Action item: Only the lines from the one containing "Okay, let's read." to the end of the records belong in the answer; repeat them exactly and drop the pictures.

Stored data:
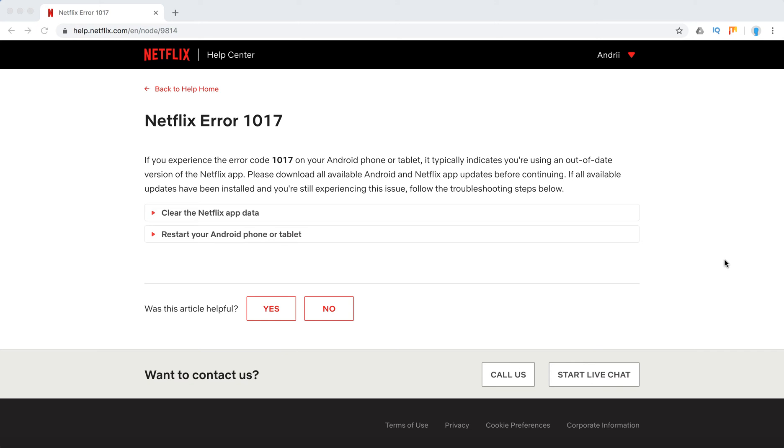Hello everyone! So what to do with Netflix error 1017? It happens mostly on Android devices, phones or tablets, and if you see this error code 1017, it means you're using an out of date version of the Netflix app.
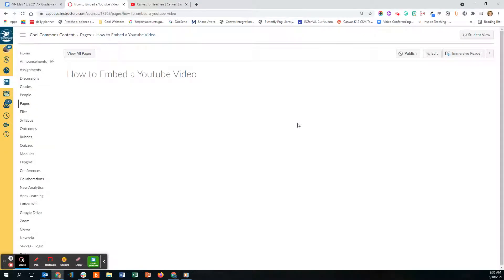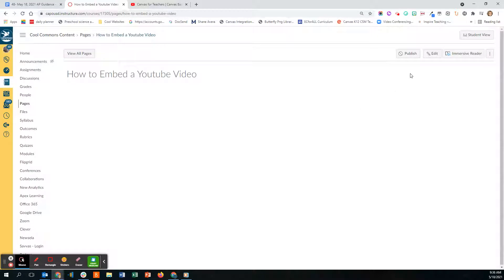Okay, today I'm going to show you how to embed a YouTube video into a Canvas page. The same process will work for embedding into a quiz or into an assignment in Canvas. So here I'm on a page.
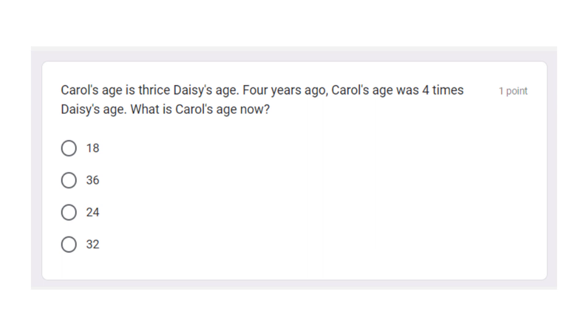Okay, let's read. Carl's age is thrice Daisy's age. Four years ago, Carl's age was four times Daisy's age. What is Carl's age now?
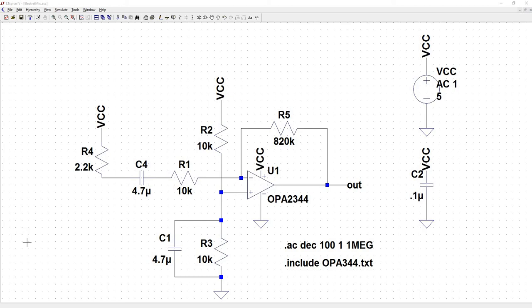Continuing with the same electric mic circuit, let's perform a .TF. To change the simulation, we are going to right click on the SPICE directive down here.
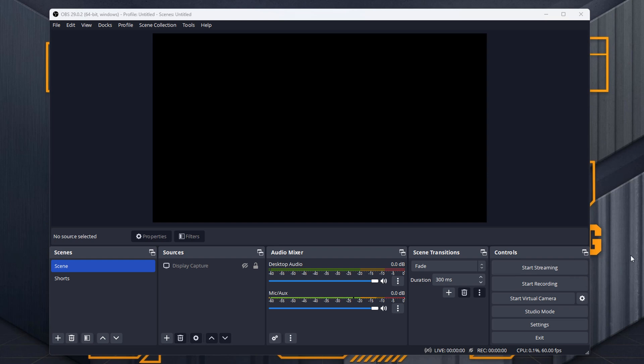Hello everyone, Wilesh21 here and welcome to another video. In this video we are going to talk about how to use OBS to record screen captures for YouTube Shorts.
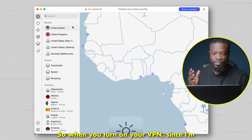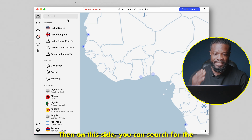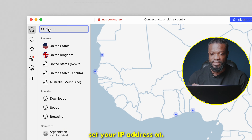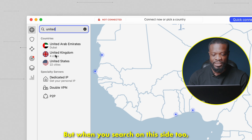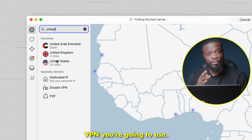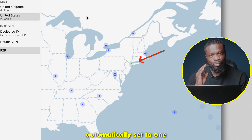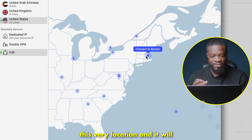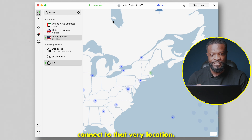So when you turn on your VPN — since I'm using NordVPN, the interface is going to look like this. On this side, you can search for the country you want to set your IP address to. I'll just select United States since it's already showing here, but when you search on this side too, it's going to bring it up. Depending on what VPN you use, just select that. This will automatically connect to one of the locations in the US, and you can change it to a specific location as well.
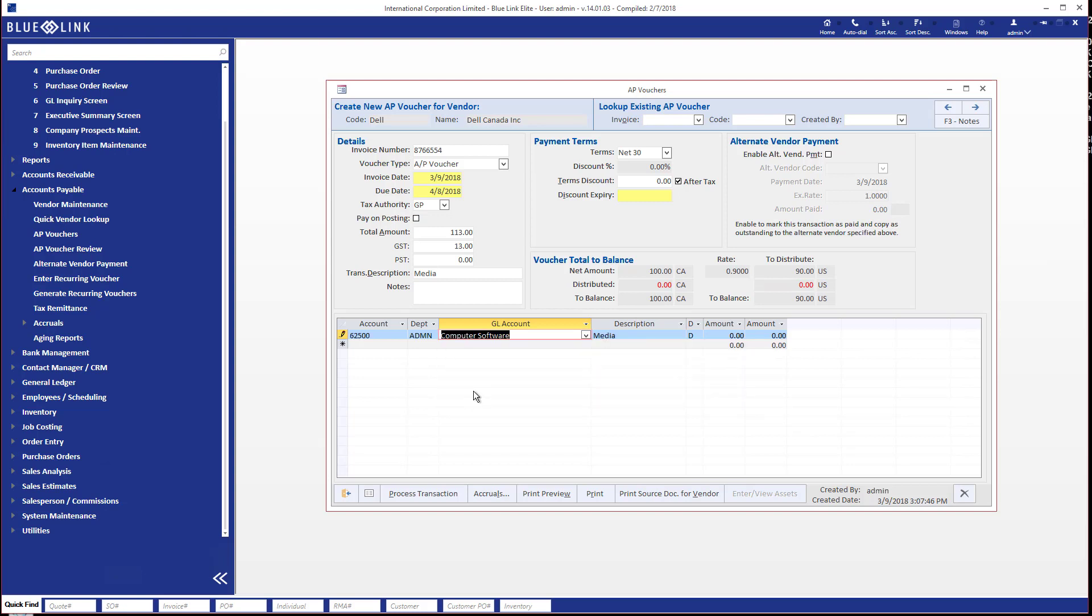And we're going to say that the majority of this, and we happen to know this is in Canadian dollars, let's just say, so the majority of this is going to be let's say $75 is going to be computer software.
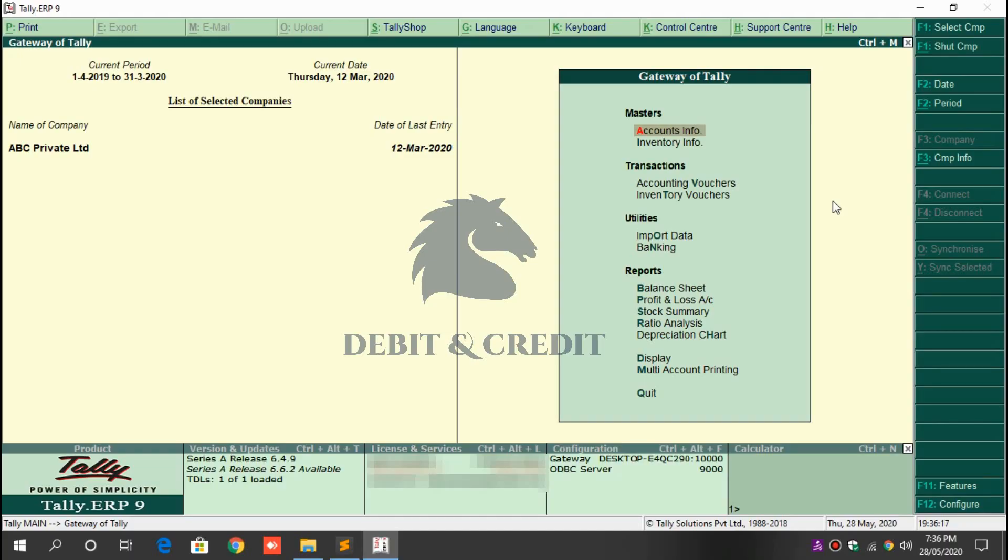Hello YouTube, welcome to Debit and Credit channel. Today we are going to learn about TDL which shows GST number and mobile number in party ledgers. First download the TCP file, download link given in description. Once you've downloaded the file...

Written response:
Okay, let's read. Carl's age is thrice Daisy's age. Four years ago, Carl's age was four times Daisy's age. What is Carl's age now?
Continuing with the same electric mic circuit, let's perform a .TF. To change the simulation, we are going to right click on the SPICE directive down here.
Hello everyone, Wilesh21 here and welcome to another video. In this video we are going to talk about how to use OBS to record screen captures for YouTube Shorts.
So when you turn on your VPN — since I'm using NordVPN, the interface is going to look like this. On this side, you can search for the country you want to set your IP address to. I'll just select United States since it's already showing here, but when you search on this side too, it's going to bring it up. Depending on what VPN you use, just select that. This will automatically connect to one of the locations in the US, and you can change it to a specific location as well.
And we're going to say that the majority of this, and we happen to know this is in Canadian dollars, let's just say, so the majority of this is going to be let's say $75 is going to be computer software.
Hello YouTube, welcome to Debit and Credit channel. Today we are going to learn about TDL which shows GST number and mobile number in party ledgers. First download the TCP file, download link given in description. Once you've downloaded the file...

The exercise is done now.